Cycles are feedback loops where a process's output becomes its input on the next round. As the classic example of a fission chain reaction illustrates, a cycle whose underlying processes are continuous, may show qualitative changes of surface behavior - a threshold of criticality - the difference between each neutron leading to the emission of 0.9994 additional neutrons versus each neutron leading to the emission of 1.0006 additional neutrons. k is the effective neutron multiplication factor and I will use it metaphorically.
Insights are items of knowledge that tremendously decrease the cost of solving a wide range of problems - for example, once you have the calculus insight, a whole range of physics problems become a whole lot easier to solve. Insights let you fly through, or teleport through, the solution space, rather than searching it by hand - that is, "insight" represents knowledge about the structure of the search space itself.

and finally,

Recursion is the sort of thing that happens when you hand the AI the object-level problem of "redesign your own cognitive algorithms".

To see the brain circuitry vary, you've got to look at a chimpanzee, basically.

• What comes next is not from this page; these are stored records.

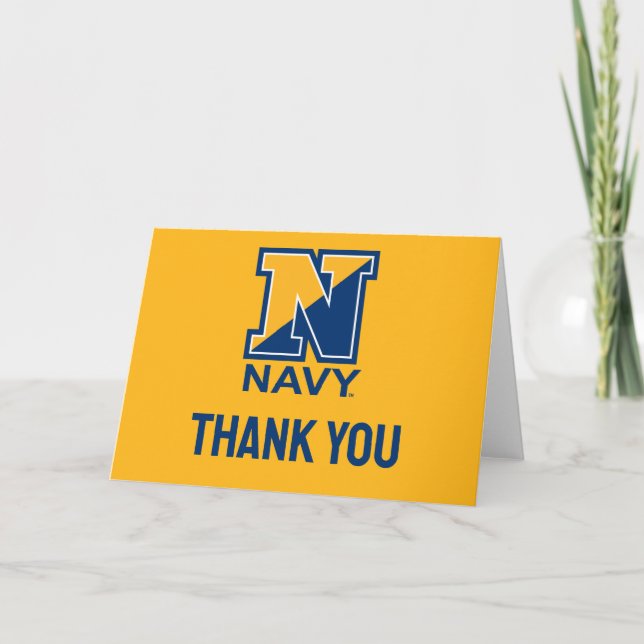Tarjeta De Agradecimiento Marina de Estados Unidos | N inicial de la marina (Anverso)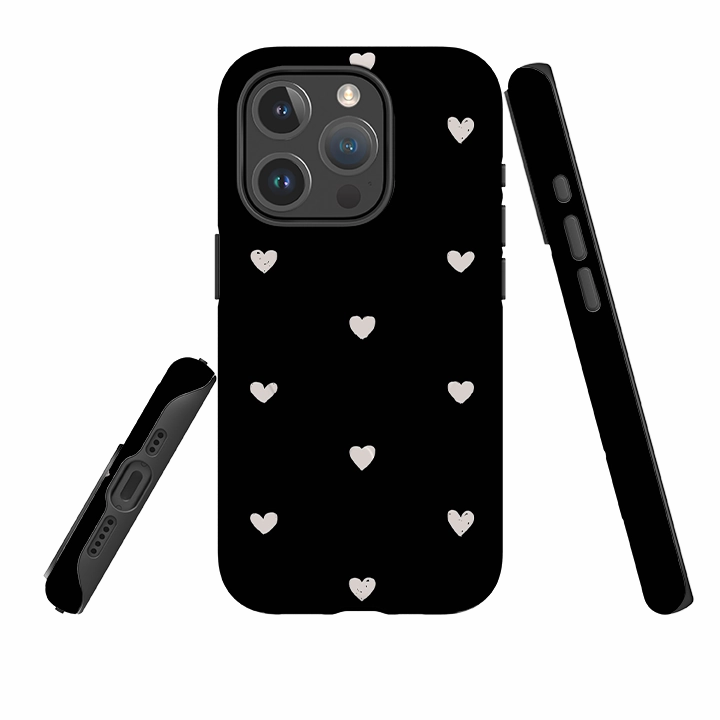 iPhone MagSafe Tough Case -  Hearts Black Soft Finish
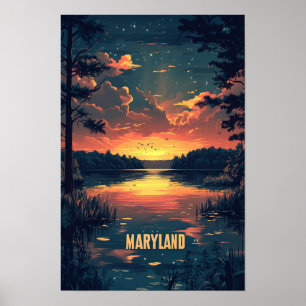 Maryland USA Kunst Vintage-Illustration Reise Poster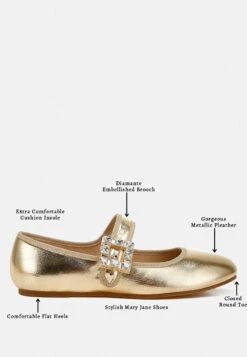 Upstage Brooch Mary Jane Ballerinas 34 Upstage Brooch Mary Jane Ballerinas -Her Shoe World UpstageBroochMaryJaneSandals RCSH4805GOLD 7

Which is not something that most humans spend a lot of time doing, because chimpanzees can't play our games.

Recursion that can rewrite the cognitive level is worth distinguishing.

So what happens when you start rewriting cognitive algorithms?

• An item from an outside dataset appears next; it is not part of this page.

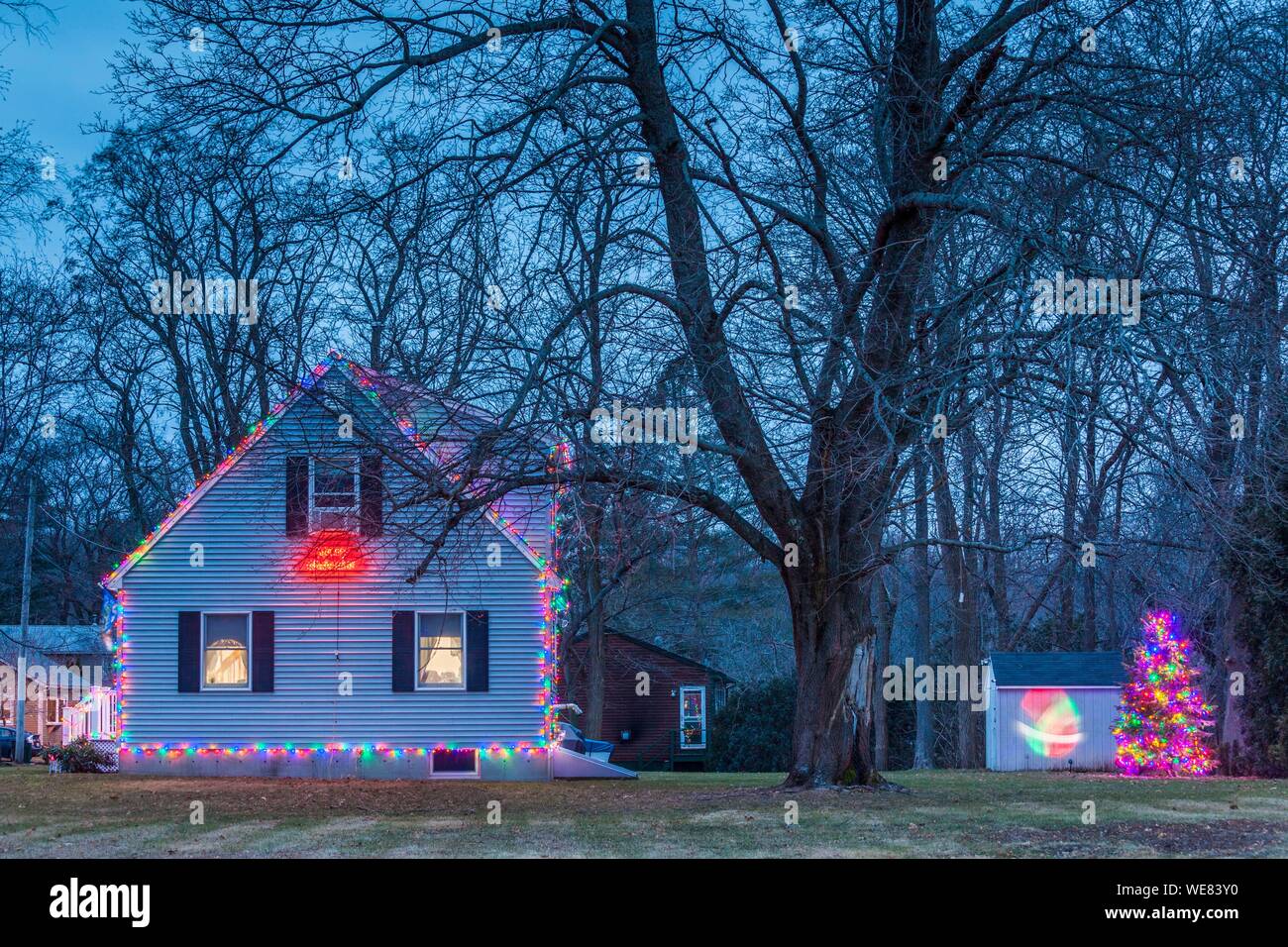 United States, New England, Massachusetts, Rowley, house decorated for Christmas Stock Photo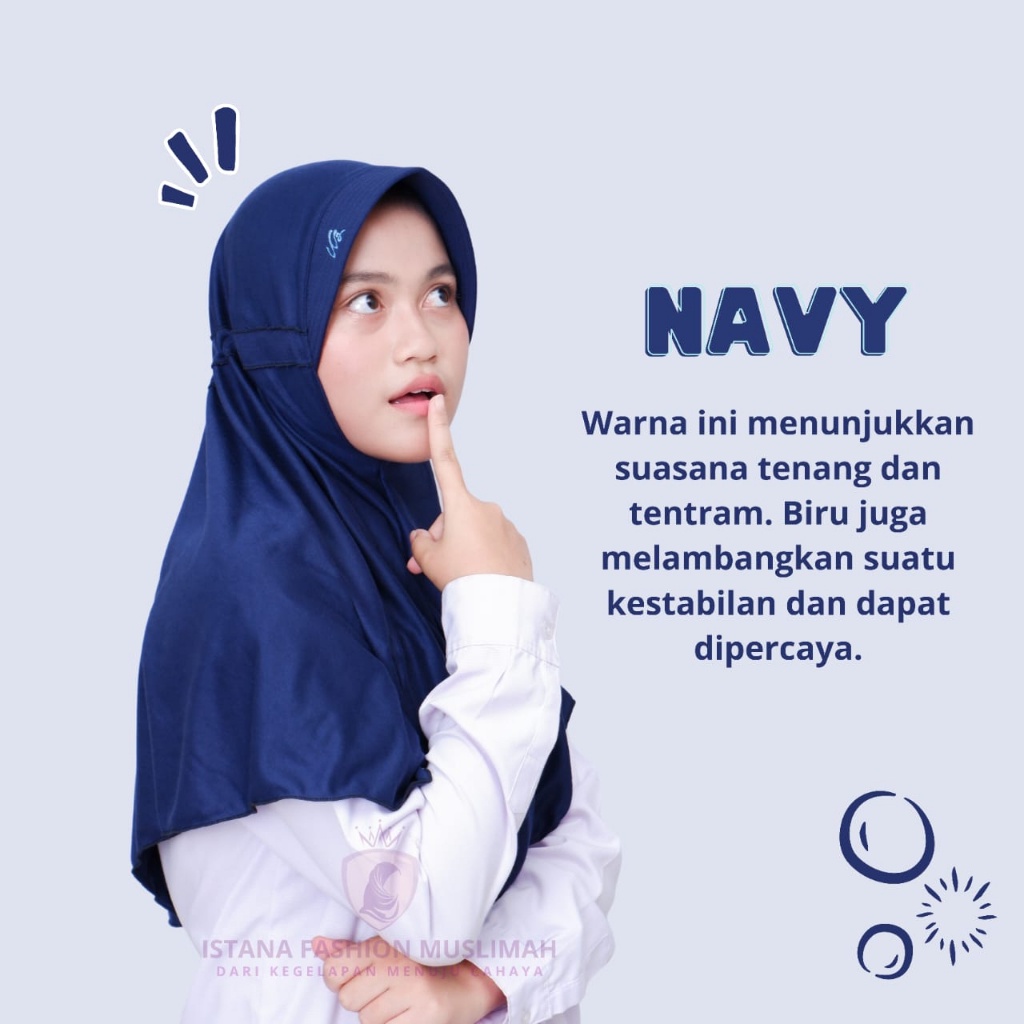 Kerudung Sekolah Anak SD SMP SMA Pita Navy Polos Ukuran S,M,L,XL Instan Anak Dewasa Kerudung Rabbani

Well, we do have one well-known historical case of an optimization process writing cognitive algorithms to do further optimization; this is the case of natural selection, our alien god.

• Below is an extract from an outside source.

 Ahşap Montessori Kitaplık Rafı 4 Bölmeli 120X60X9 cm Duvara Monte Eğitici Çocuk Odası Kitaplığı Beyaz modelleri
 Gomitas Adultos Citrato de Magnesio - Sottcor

Natural selection on sexual multicellular eukaryotic life can probably be treated as, to first order, an optimizer of roughly constant efficiency and constant resources.
Natural selection does not have anything akin to insights. It does sometimes stumble over adaptations that prove to be surprisingly reusable outside the context for which they were adapted, but it doesn't fly through the search space like a human. Natural selection is just searching the immediate neighborhood of its present point in the solution space, over and over and over.
Natural selection does have cascades; adaptations open up the way for further adaptations.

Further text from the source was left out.